Note that the `W` tensor above was created without `data_type`. Its data type is deduced from the `io_data_type` of the `pygraph` object that was used to create the tensor.

Next is the convolution node, which uses the cuDNN tensors `X` and `W` as input:

In [None]:
Y = graph.conv_fprop(
    X,
    W,
    padding=[1, 1],
    stride=[1, 1],
    dilation=[1, 1],
    compute_data_type=cudnn.data_type.FLOAT,
)

Perform a *convolution forward* operation with padding as `[1,1]` on the input `X` tensor. You can run `help (cudnn.pygraph.conv_fprop)` to see explanation of the other parameters, `compute_data_type`, `stride`, `dilation`.

Note that when you use the Python binding directly, you must provide `X` and `W` as cuDNN tensors.
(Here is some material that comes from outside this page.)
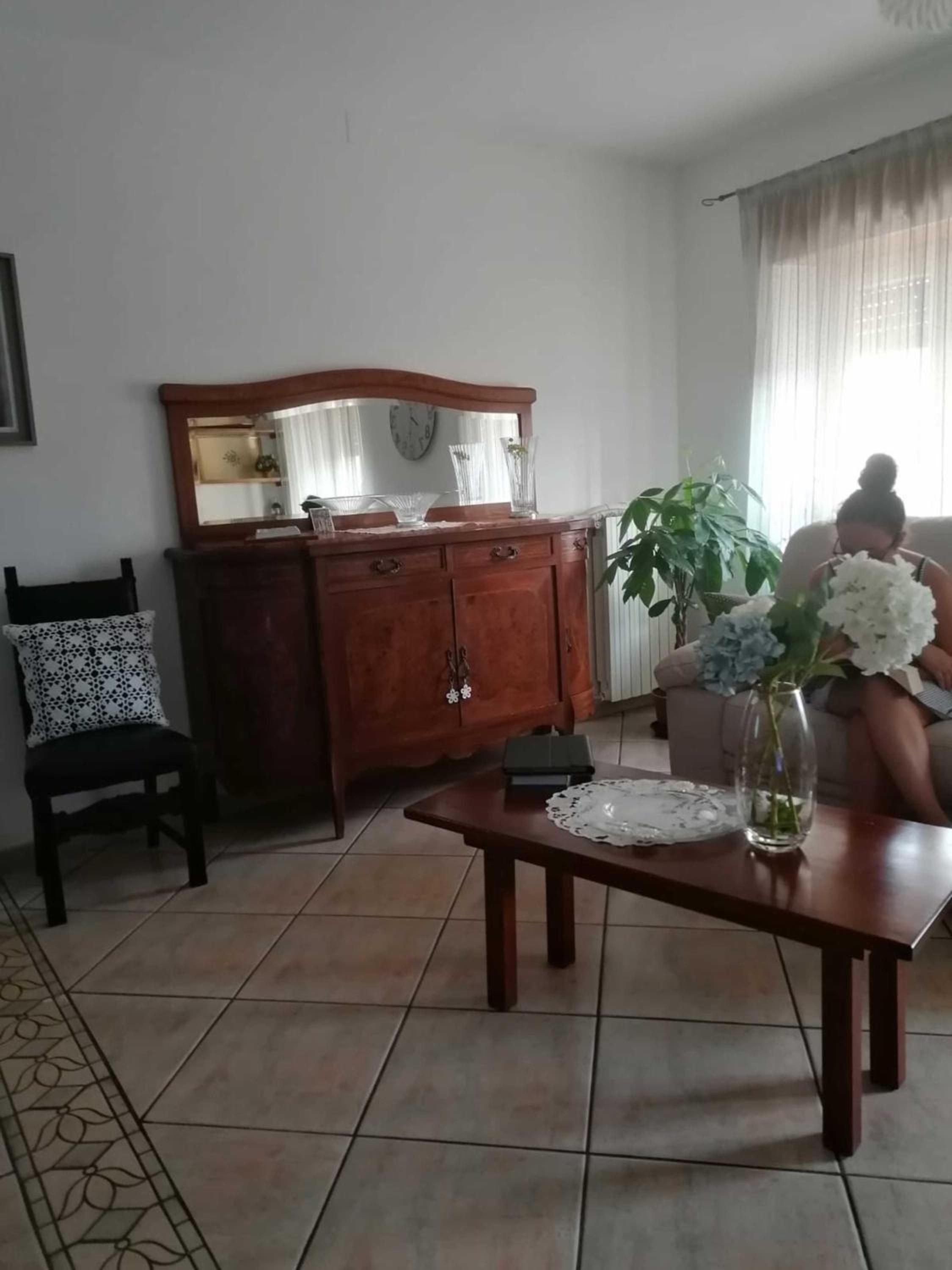 Two-Bedroom House - Photo 20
Using other tensors, such as PyTorch tensors, is not allowed.

The output of the convolution node above is a cuDNN tensor. Since you want to read from it, you should mark it as output using `set_output(True)`:

In [None]:
Y.set_output(True)

By default the output of any operation is *virtual* (does not have device pointer associated). This is because the output can be fed as input to the next operation in graph. In order to terminate the graph, or to mark the tensor *non-virtual* we need to set it as output. Multiple tensors can be marked as output.

At this point, the graph is defined. You should finalize it:

In [None]:
graph.build([cudnn.heur_mode.A])
# print(graph)

Following things happen in the above call:

- Validation of inputs, outputs and output shape deduction.
- Lowering pass into the cuDNN dialect.
- Heuristics query to determine which execution plan to run.
- Runtime compilation of the plan if needed

This function can be split into its constituents to give you a better control over each phase.
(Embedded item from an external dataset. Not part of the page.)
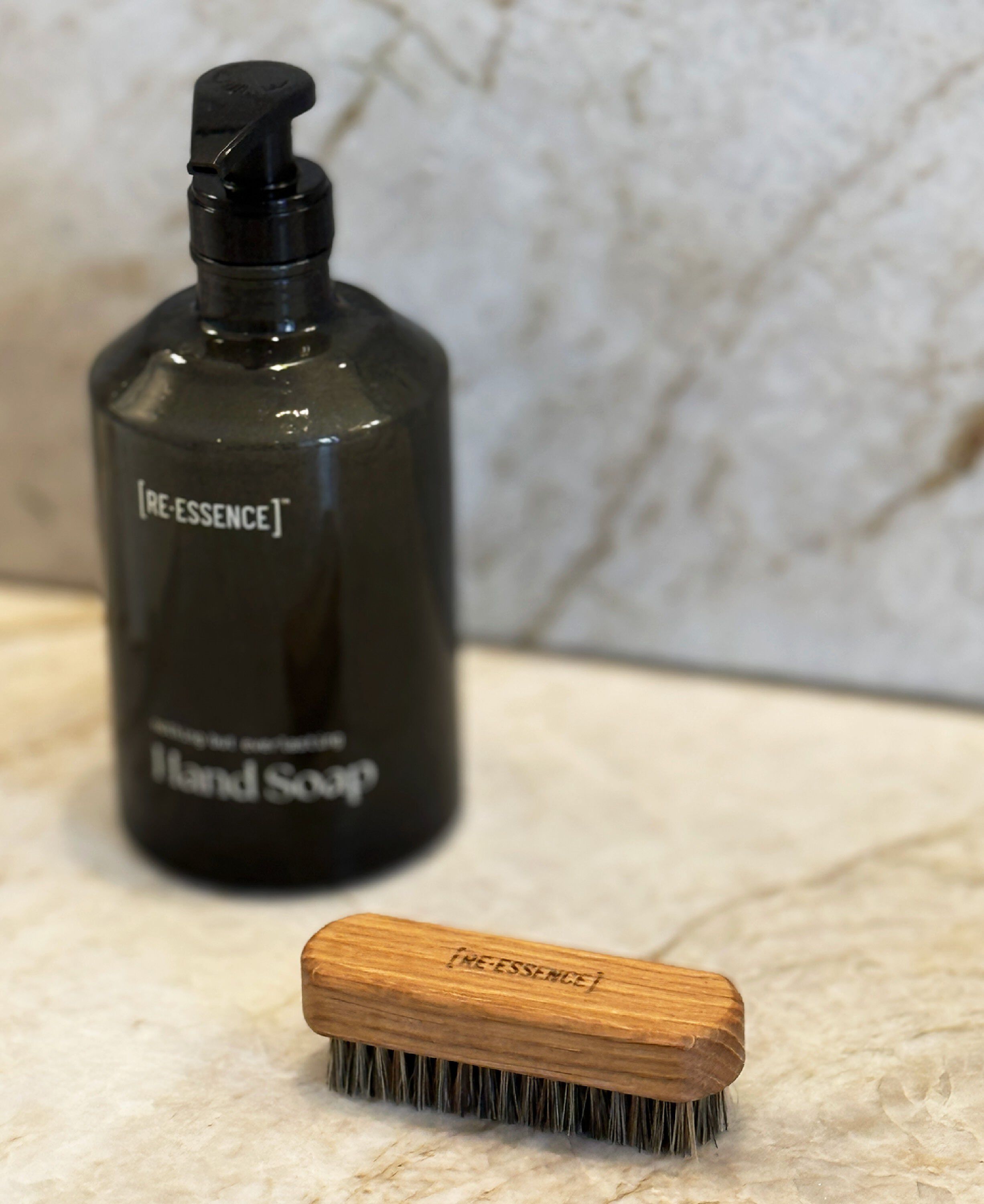 [RE&middot;ESSENCE] negleb&oslash;rste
Once the graph is built, you can use `print()` to inspect the graph after the shape and datatype deduction. For example, the tensor `Y` above as the output from the convolution will have its shape and data type known only after the graph is built.

You need to provide the actual data to execute the graph. Let's use PyTorch to create a few random tensors:


In [None]:
X_gpu = torch.randn(
    8, 64, 56, 56, requires_grad=False, device="cuda", dtype=torch.float16
).to(memory_format=torch.channels_last)
W_gpu = torch.randn(
    32, 64, 3, 3, requires_grad=False, device="cuda", dtype=torch.float16
).to(memory_format=torch.channels_last)
Y_gpu = torch.zeros(
    8, 32, 56, 56, requires_grad=False, device="cuda", dtype=torch.float16
).to(memory_format=torch.channels_last)

These tensors reside in the GPU. They are in the "channel last" physical layout (required for cuDNN convolution operations). You are not required to use PyTorch; cuDNN also supports other dlpack tensors on the GPU.

To execute the graph, you need to create a workspace and provide a mapping between the cuDNN tensors and the actual allocated tensors (the "variant pack"):

In [None]:
workspace = torch.empty(graph.get_workspace_size(), device="cuda", dtype=torch.uint8)
variant_pack = {X: X_gpu, W: W_gpu, Y: Y_gpu}
graph.execute(variant_pack, workspace, handle=handle)
torch.cuda.synchronize()

The workspace is a buffer that the graph can use during execution. You should allocate a piece of memory of sufficiently large on the GPU. The size can be computed from the graph using `get_workspace_size()`.

The execute call launches the kernel for execution on the GPU device. The output, which `Y` was assigned to, will be populated to `Y_gpu`.

You can verify the result with PyTorch:

In [None]:
Y_ref = torch.nn.functional.conv2d(X_gpu, W_gpu, padding=1)
torch.testing.assert_close(Y_gpu, Y_ref, atol=5e-3, rtol=3e-3)

Finally, you can destroy the handle when you no longer need it:

In [None]:
cudnn.destroy_handle(handle)